What we saw in Paris and around the Western world following this vile murder was not a spontaneous endorsement of free expression, but an idiot’s jubilee. Behind the banner of “Freedom and Democracy”, world leaders with a very particular revulsion for press freedom marched for press freedom. Saudi Arabia, a nation that flogs dissenting bloggers, was among the nations officially represented at this assembly for “freedom”. Israel found the time to pop along as well.
France itself lost little time in cracking down on free speech. There were prison sentences for those who criticised Charlie Hebdo. “Free speech” came to mean a very narrow kind of speech: we were “free” only to pillory Islam and tolerant only of the most extreme hypocrisy.
To be gracelessly clear: it was atrocity that unfolded in the offices of Charlie Hebdo. But the new and specious definition of free speech that followed these actions was its own kind of barbarism. Of course we must seek to create a society that can brook extreme speech — even that which takes a dead Syrian toddler, as Charlie Hebdo recently did, and refigures him as a molester. But what we cannot continue to do is to valorise some forms of speech as free, even as we say that others are an assault on our liberty.
In France, it is legal, and acceptable, for Charlie Hebdo to depict the failure of the Koran to stop bullets from penetrating the chest of a cleric. It is now criminal for a French teenager on Facebook to depict the same fate for the producers of Charlie Hebdo. In Australia, as in all the liberal democracies of the world, we said “Je Suis Charlie” and upheld the right to laugh at a dying Muslim. Few upheld the right to laugh at a dying cartoonist.
There can be no rational argument for elevating the rights of one speaker and withholding the rights of another. People have tried, of course, and they will say that the French teenager’s cartoon constitutes a threat to national security, whereas the Hebdoiste’s work upholds the best principles of French liberty.
Oh, bollocks. There is not a freer kind of free speech for us to utter. If we are free only to express ideas acceptable to me, the French government or radical Islamists, then we are not free to speak. We are free only to speak our way to broad acceptability.
It feels undignified to repeat that (quite French) old idea, but it bears repeating: the defence of free speech invariably means a defence of disagreeable speech. Unfortunately, this might mean tolerating the right of Reclaim Australia to behave like tits. We either countenance free speech or we don’t. No matter how you church it up, the idea of free speech remains that tediously simple.

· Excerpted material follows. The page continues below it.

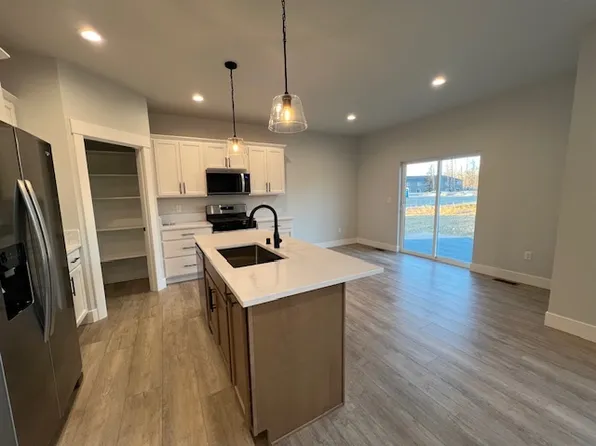 1765 N Lana Cir, Wasilla, AK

Of course, the world is not tediously simple and freedom itself is quite unevenly felt, despite its nominal guarantee. Some citizens, even in Australia, are far freer to have their free speech amplified than others and particular ideas and particular speakers are coerced into very particular forums. It is quite true that truly free speech can be reliably purchased only from our nation’s most expensive schools.

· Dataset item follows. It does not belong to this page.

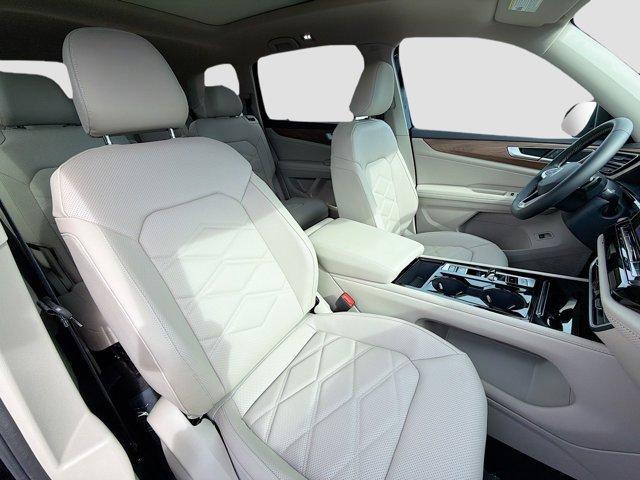 new 2026 Volkswagen Atlas car, priced at $43,598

It is also true that we will not secure free speech by regulating its expression. We might eventually secure it by, say, ending our absurd attachment to posh schools. But, we don’t make speech free by identifying some of it as less than acceptably free.
In recent years in Australia and around the western world, a means to assess the freedom of speech has emerged. If speech, so the test goes, is un-free in either its development or its intent, then it is not truly free and should not be freely spoken.
We can see this in the many op-eds that decry satire that does not “punch up”. Setting aside the difficulty of deciding whether one is punching up or down — and who could reliably say what the Egyptian satirist Bassem Youssef is doing when he pillories Islam — we must ask: what the actual shit? A satire governed by rules is, surely, no longer satire. It’s certainly not “free” but a process that is expected to move toward a particular outcome.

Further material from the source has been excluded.